··· Records for this exercise

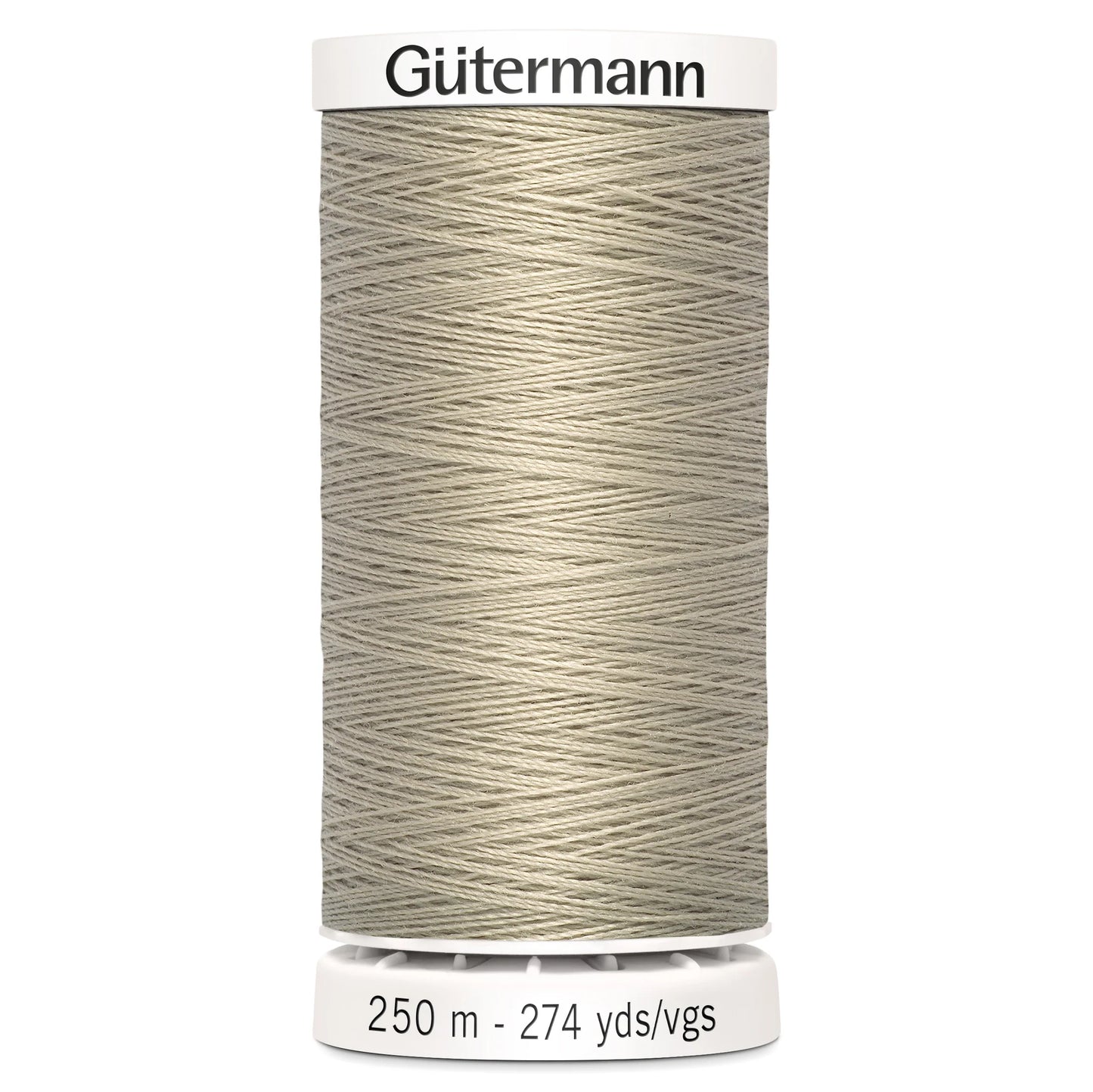 Gutermann Natural Cotton Sew All Thread: 250m - Various Colours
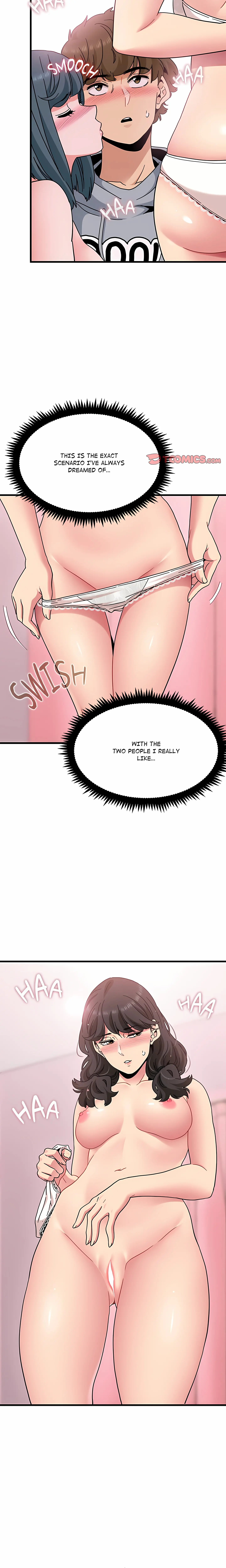 A Turning Point Episode 131 - Page 7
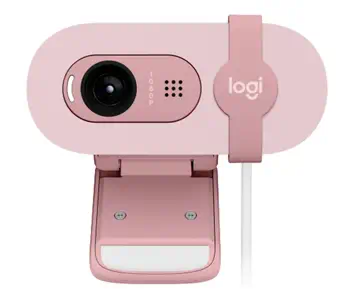 Comparaison Webcam Logitech 960-001623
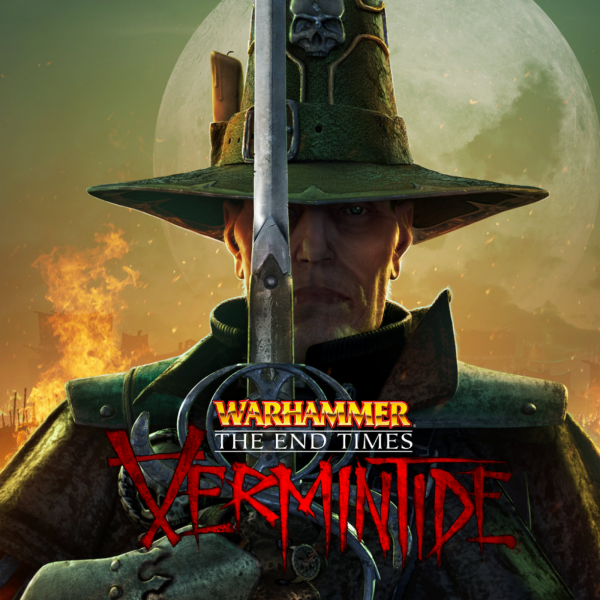 Warhammer: End Times - Vermintide (PC) - Steam Key - GLOBAL
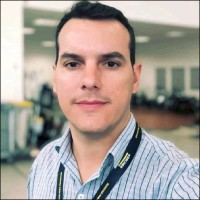 Kärcher Brasil Employee Victor Greco Cruz's profile photo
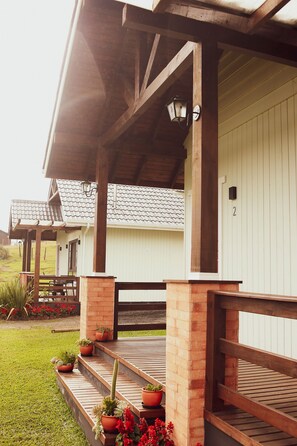 Lanai (Veranda)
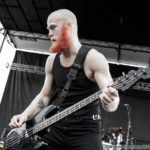 Knotfest – Code Orange-5
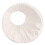 Modern Ceramic Vase17.518.59cm White 1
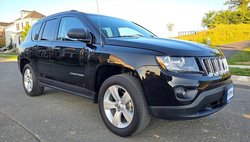 2015 Jeep Compass Sport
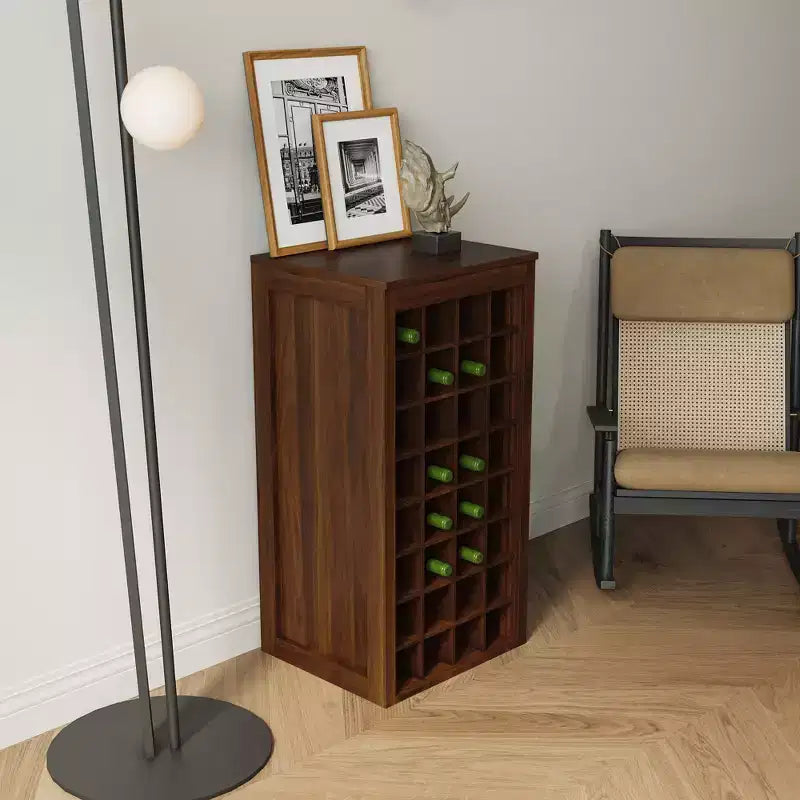 Armoire de rangement modulable, buffet, enfilade pour salon, chambre, bureau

······

* Work to be completed
The expected output is the exact run of lines from the one containing "Modern Ceramic Vase17.518.59cm White 1" through the final line of the data above, both ends included, with no pictures.

* Expected answer
 Modern Ceramic Vase17.518.59cm White 1
 2015 Jeep Compass Sport
 Armoire de rangement modulable, buffet, enfilade pour salon, chambre, bureau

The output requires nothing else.